> **EXERCISE**:
No pictures should be carried over. Output all other parts of the entries verbatim.

__________

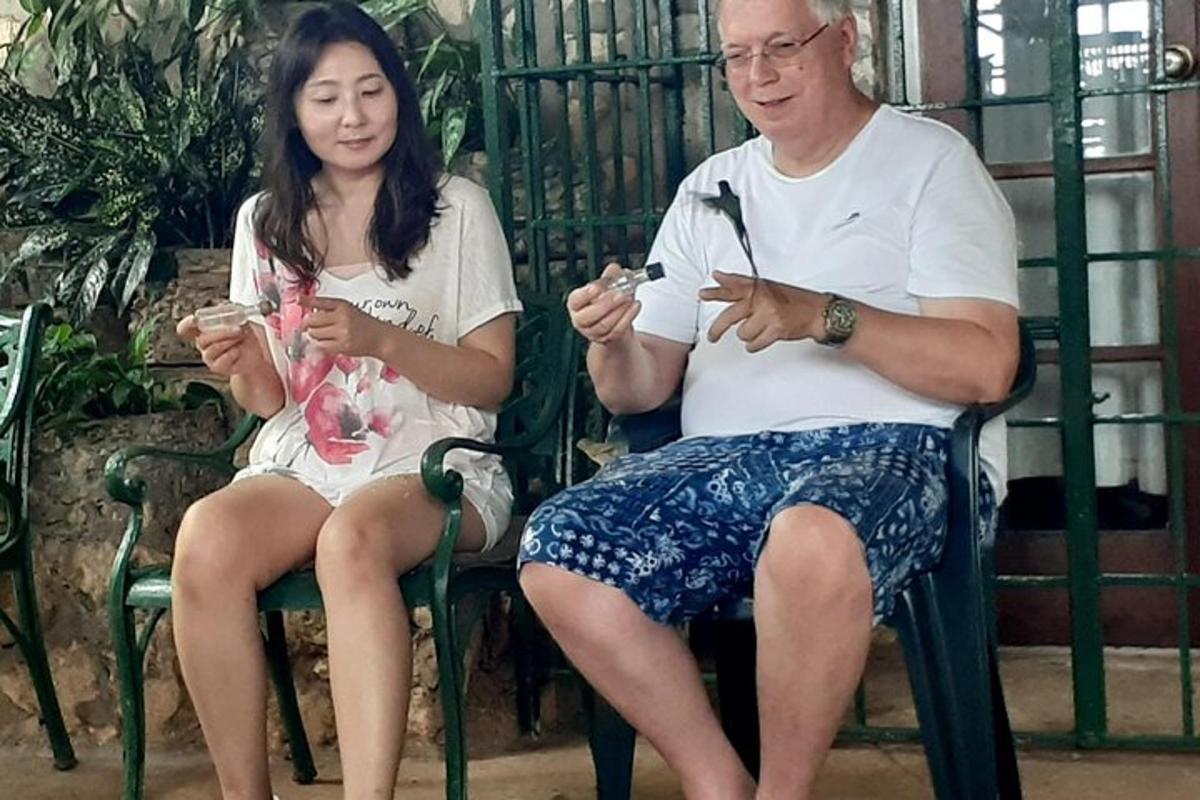 um homem e uma mulher sentados em um banco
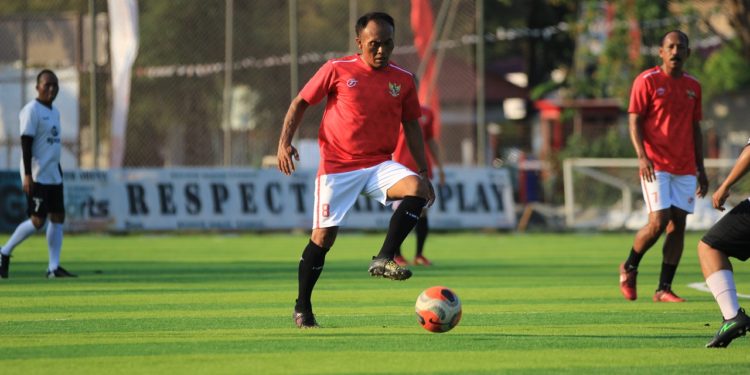 Foot - la Fifa pourrait proposer un troisième mercato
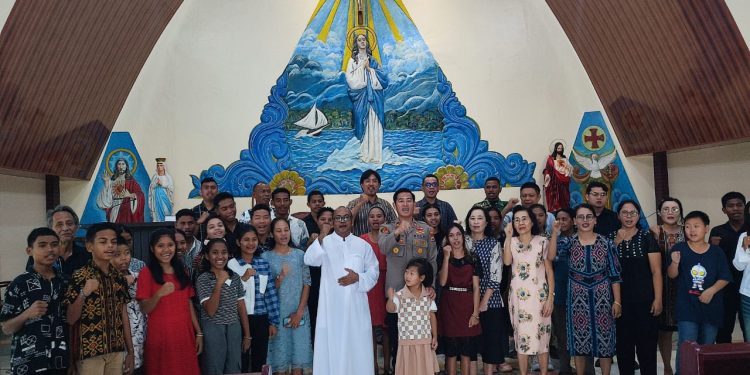 Sentuh Hati Warga Jemaat Gereja, Kapolsek Namlea Ajak Jaga Kamtibmas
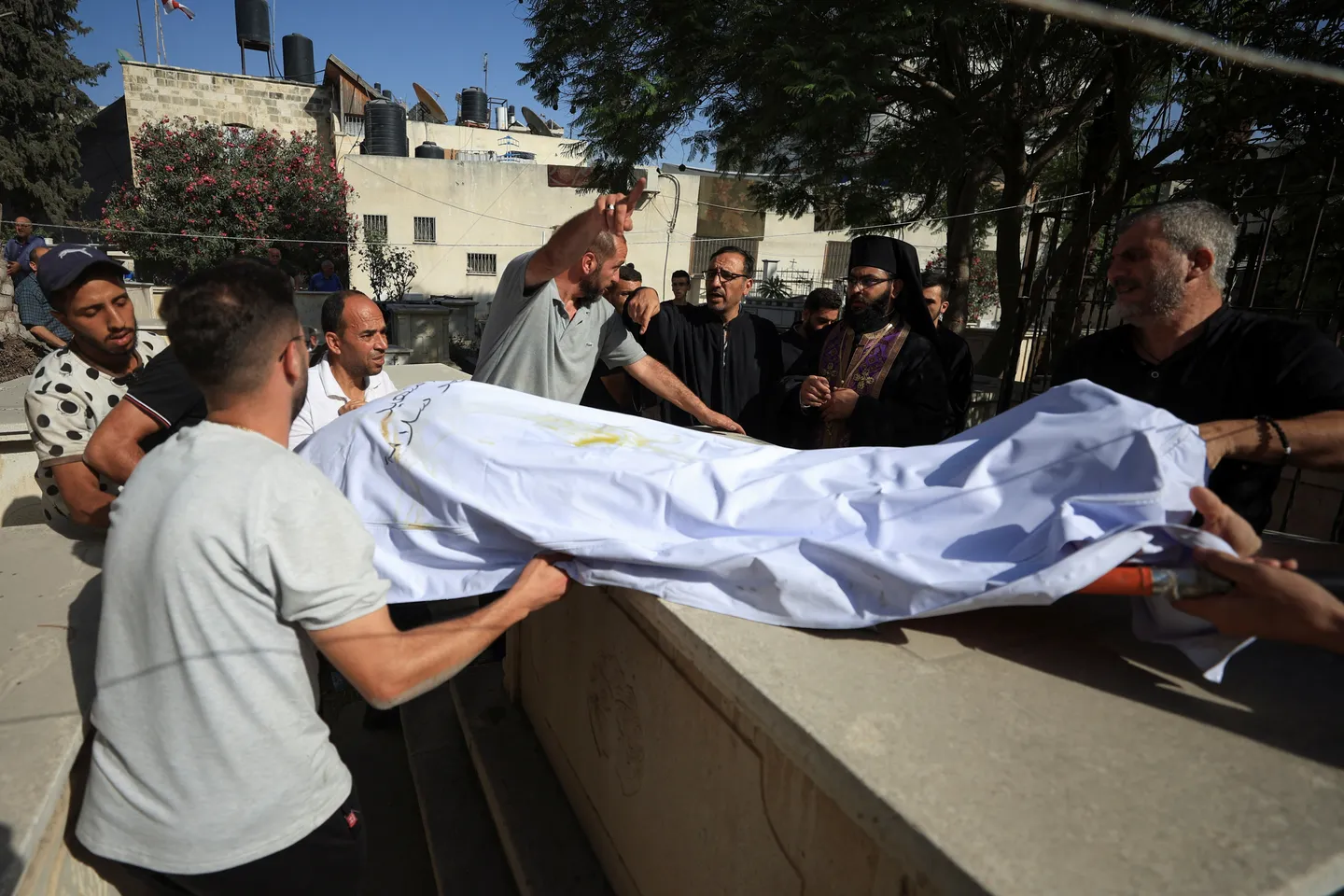 Gaza: les condamnations pleuvent après une frappe israélienne contre une église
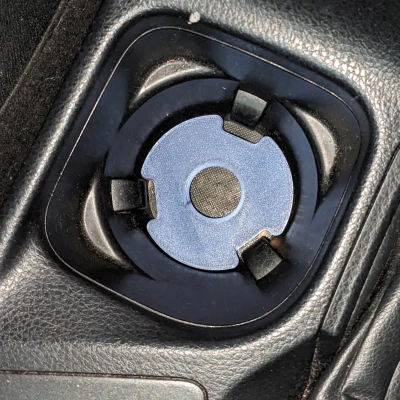 Đế độn hộc cốc Toyota Rav4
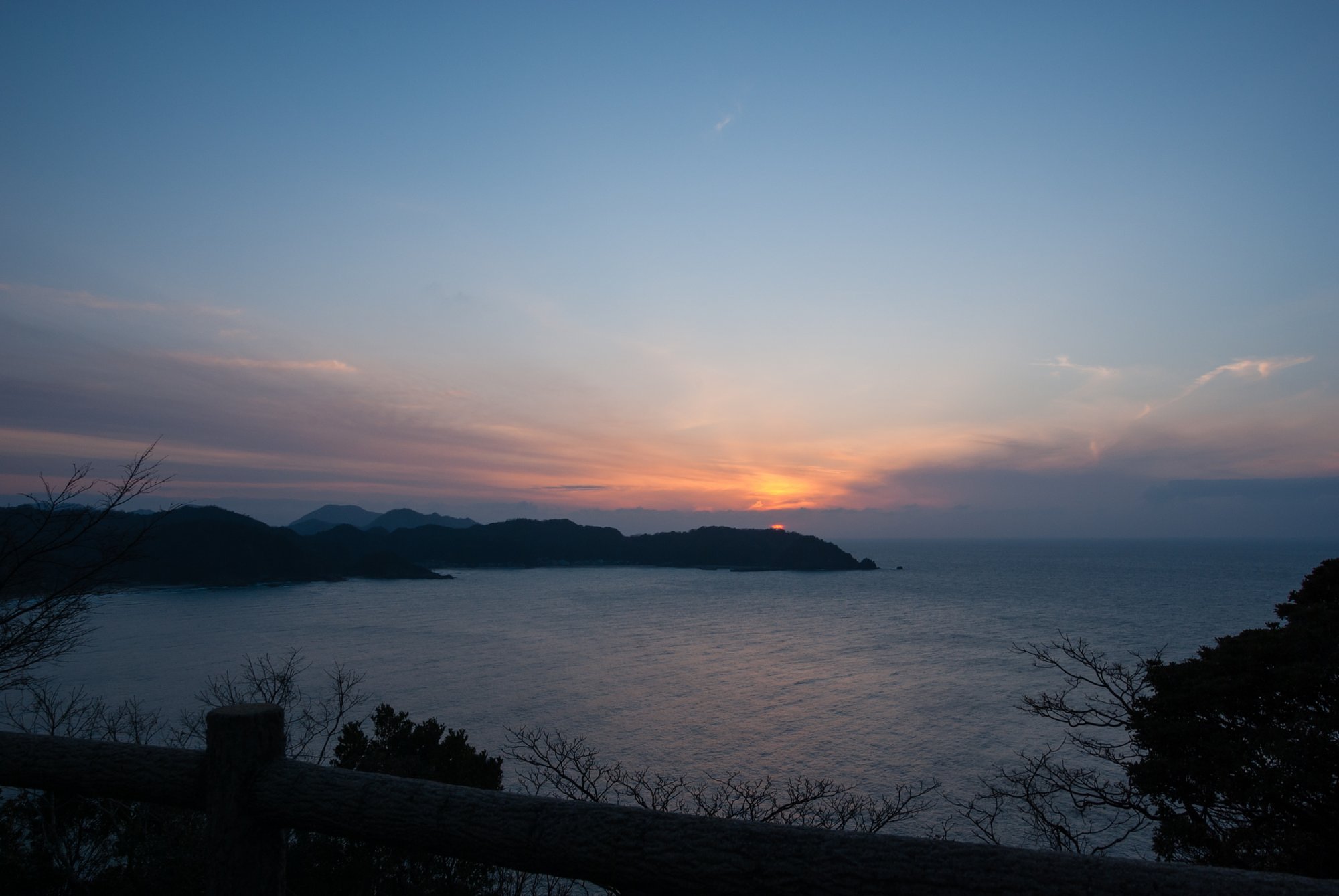 羽尾半島への日の入り。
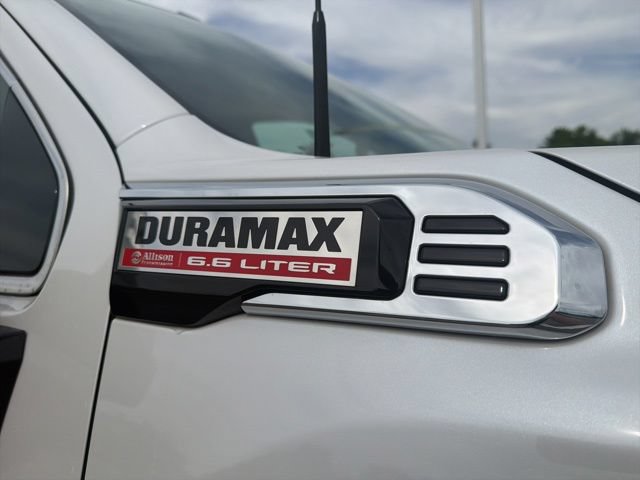 Used 2024 GMC Sierra 3500 SLT w/ SLT Convenience Package AWD/4WD image 6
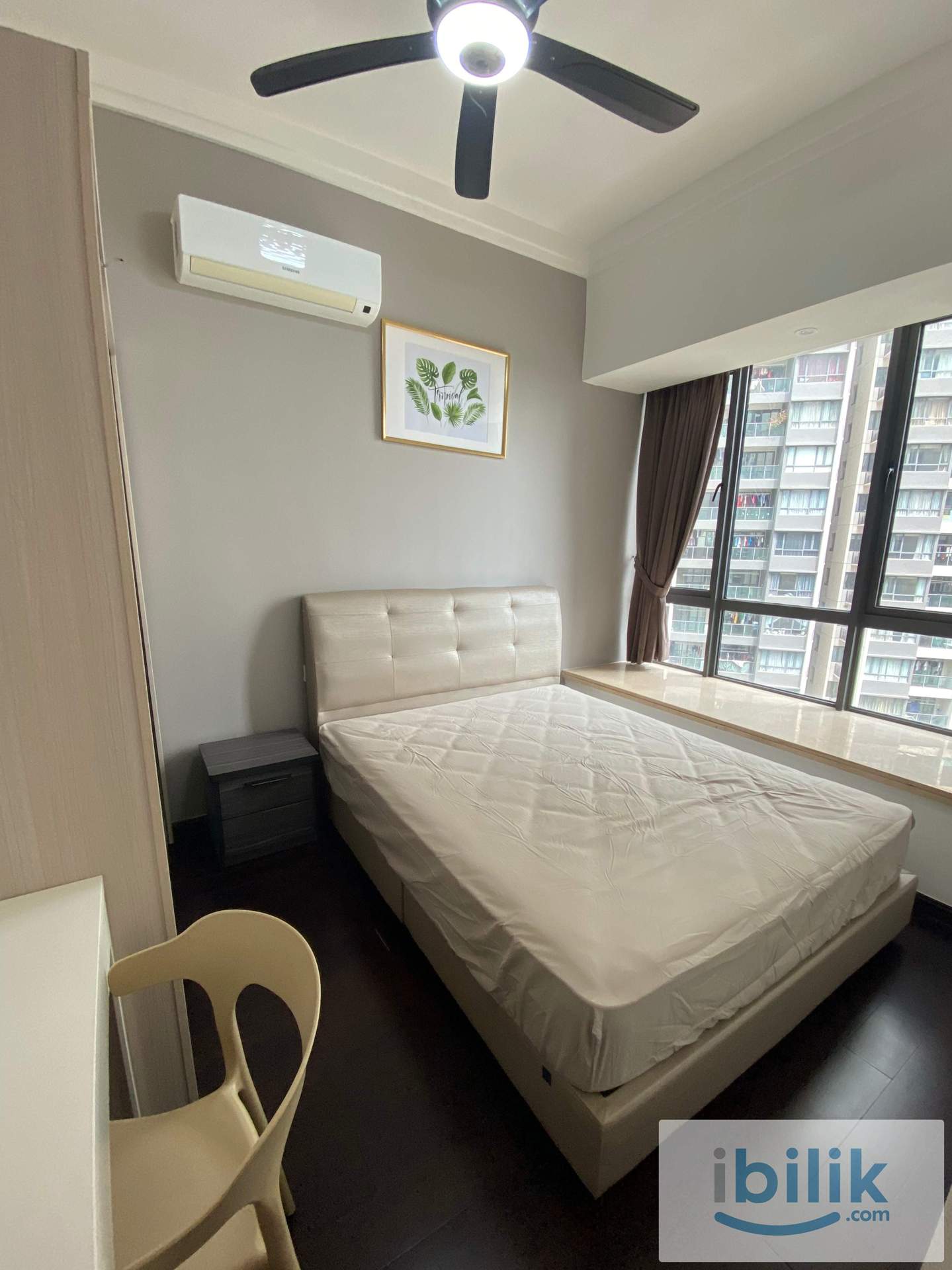 R&F Mall Room (Queen bed) for rent  - Image 1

__________

> **TASK RESULT**:
 um homem e uma mulher sentados em um banco
 Foot - la Fifa pourrait proposer un troisième mercato
 Sentuh Hati Warga Jemaat Gereja, Kapolsek Namlea Ajak Jaga Kamtibmas
 Gaza: les condamnations pleuvent après une frappe israélienne contre une église
 Đế độn hộc cốc Toyota Rav4
 羽尾半島への日の入り。
 Used 2024 GMC Sierra 3500 SLT w/ SLT Convenience Package AWD/4WD image 6
 R&F Mall Room (Queen bed) for rent  - Image 1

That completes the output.